[MATERIAL SHOWN — start]

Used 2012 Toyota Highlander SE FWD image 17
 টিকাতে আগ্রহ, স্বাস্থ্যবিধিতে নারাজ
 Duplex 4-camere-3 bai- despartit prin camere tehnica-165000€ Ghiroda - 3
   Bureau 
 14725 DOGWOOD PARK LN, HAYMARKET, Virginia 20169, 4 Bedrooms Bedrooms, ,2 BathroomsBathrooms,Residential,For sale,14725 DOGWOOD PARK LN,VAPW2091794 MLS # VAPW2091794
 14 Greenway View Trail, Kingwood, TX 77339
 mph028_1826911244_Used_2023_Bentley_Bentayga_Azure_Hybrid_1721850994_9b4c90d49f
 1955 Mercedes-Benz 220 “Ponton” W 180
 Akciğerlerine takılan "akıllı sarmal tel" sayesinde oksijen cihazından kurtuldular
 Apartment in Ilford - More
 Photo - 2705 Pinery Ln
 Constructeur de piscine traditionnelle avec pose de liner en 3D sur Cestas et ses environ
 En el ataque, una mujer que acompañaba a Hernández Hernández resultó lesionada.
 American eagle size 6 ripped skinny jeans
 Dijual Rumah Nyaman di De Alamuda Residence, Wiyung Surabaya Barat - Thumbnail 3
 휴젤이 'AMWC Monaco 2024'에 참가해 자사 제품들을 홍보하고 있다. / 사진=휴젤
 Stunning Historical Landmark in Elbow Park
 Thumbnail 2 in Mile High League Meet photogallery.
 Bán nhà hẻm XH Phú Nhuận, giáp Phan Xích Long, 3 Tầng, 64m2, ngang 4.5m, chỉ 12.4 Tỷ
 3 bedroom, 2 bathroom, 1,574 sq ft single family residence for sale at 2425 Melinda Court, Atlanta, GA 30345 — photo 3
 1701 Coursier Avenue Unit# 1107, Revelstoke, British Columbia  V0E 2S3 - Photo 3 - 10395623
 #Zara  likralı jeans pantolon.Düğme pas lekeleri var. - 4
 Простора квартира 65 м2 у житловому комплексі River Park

[MATERIAL SHOWN — finish]

[WHAT TO PRODUCE]:
Transcribe every record verbatim.

[TASK ANSWER]:
Used 2012 Toyota Highlander SE FWD image 17
 টিকাতে আগ্রহ, স্বাস্থ্যবিধিতে নারাজ
 Duplex 4-camere-3 bai- despartit prin camere tehnica-165000€ Ghiroda - 3
   Bureau 
 14725 DOGWOOD PARK LN, HAYMARKET, Virginia 20169, 4 Bedrooms Bedrooms, ,2 BathroomsBathrooms,Residential,For sale,14725 DOGWOOD PARK LN,VAPW2091794 MLS # VAPW2091794
 14 Greenway View Trail, Kingwood, TX 77339
 mph028_1826911244_Used_2023_Bentley_Bentayga_Azure_Hybrid_1721850994_9b4c90d49f
 1955 Mercedes-Benz 220 “Ponton” W 180
 Akciğerlerine takılan "akıllı sarmal tel" sayesinde oksijen cihazından kurtuldular
 Apartment in Ilford - More
 Photo - 2705 Pinery Ln
 Constructeur de piscine traditionnelle avec pose de liner en 3D sur Cestas et ses environ
 En el ataque, una mujer que acompañaba a Hernández Hernández resultó lesionada.
 American eagle size 6 ripped skinny jeans
 Dijual Rumah Nyaman di De Alamuda Residence, Wiyung Surabaya Barat - Thumbnail 3
 휴젤이 'AMWC Monaco 2024'에 참가해 자사 제품들을 홍보하고 있다. / 사진=휴젤
 Stunning Historical Landmark in Elbow Park
 Thumbnail 2 in Mile High League Meet photogallery.
 Bán nhà hẻm XH Phú Nhuận, giáp Phan Xích Long, 3 Tầng, 64m2, ngang 4.5m, chỉ 12.4 Tỷ
 3 bedroom, 2 bathroom, 1,574 sq ft single family residence for sale at 2425 Melinda Court, Atlanta, GA 30345 — photo 3
 1701 Coursier Avenue Unit# 1107, Revelstoke, British Columbia  V0E 2S3 - Photo 3 - 10395623
 #Zara  likralı jeans pantolon.Düğme pas lekeleri var. - 4
 Простора квартира 65 м2 у житловому комплексі River Park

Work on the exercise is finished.